While Kwami admirably documents Kumasi's art education systems, greater examination of the commercial and exhibition opportunities of these painters—especially those not employed by sign workshops—would have made his argument more convincing by ruling out the possible effects of non-educational influences on subject matter and style. Perhaps the most serious limitation of this study is the absence of female artists: in Kwami's telling, Kumasi Realism is an exclusively male practice. While the 2002–2003 statistics for KNUST-COA (p. 379) do indicate lower female art school enrollment, none of the case studies examine female artists; only a glimpse of female artists at work in a sign shop and a handful of names in the “List of Artists” implies their involvement in this practice.

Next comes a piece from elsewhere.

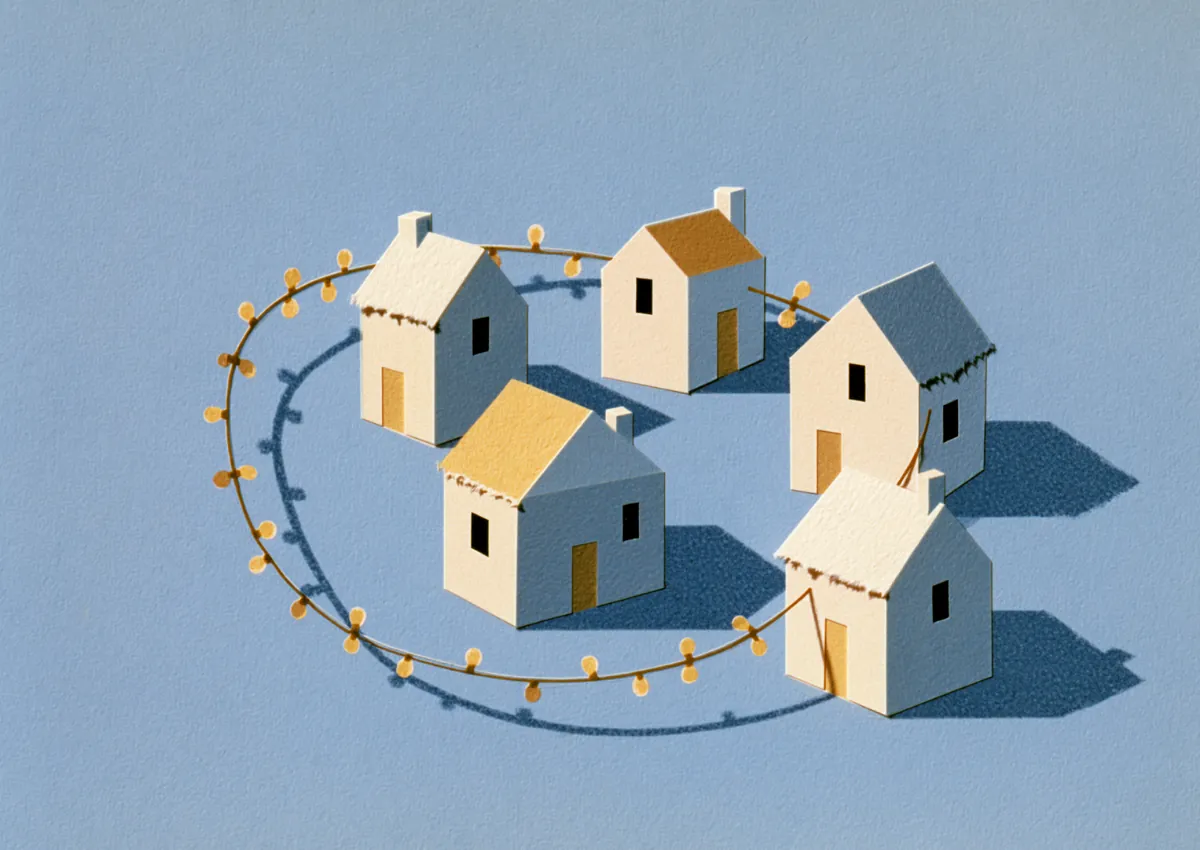 A row of small houses strung along a looping wire path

The BA dissertation of Yoshimi Kanazawa, whose work as Kwami's research assistant underlies much of Chapter 4, does discuss gender in relation to sign shop practices. Though included in full as an appendix in the dissertation, it was omitted in the book.

Regrettably, greater editorial care should have been taken when adapting Kwami's 2007 dissertation (Open University, UK) into book format. Readers are frequently directed to nonexistent or mislabeled cross-textual references and figures. As many works are being illustrated for the first time, both this inattention to the book's structure—and the poor quality of many of the images—detracts from their otherwise revelatory dissemination. The volume also lacks an index, which would have been greatly appreciated by those seeking the many carefully researched details.

By elucidating the systematic training used in the sign workshops and the shared pool of visual resources used by Kumasi's artists, Kwami deftly dispels both the autodidact myth, and the division between college-trained and sign painters seen most profoundly outside of Ghana, but also expressed within the country's art colleges. As a voice in the ongoing contemporary/traditional debate, and in the continually expanding conversation about African modernisms, Kumasi Realism argues for an expanded scope of modernity that spans not just geographically, but also theoretically and temporally, stretching the bounds of increasingly outmoded dualisms.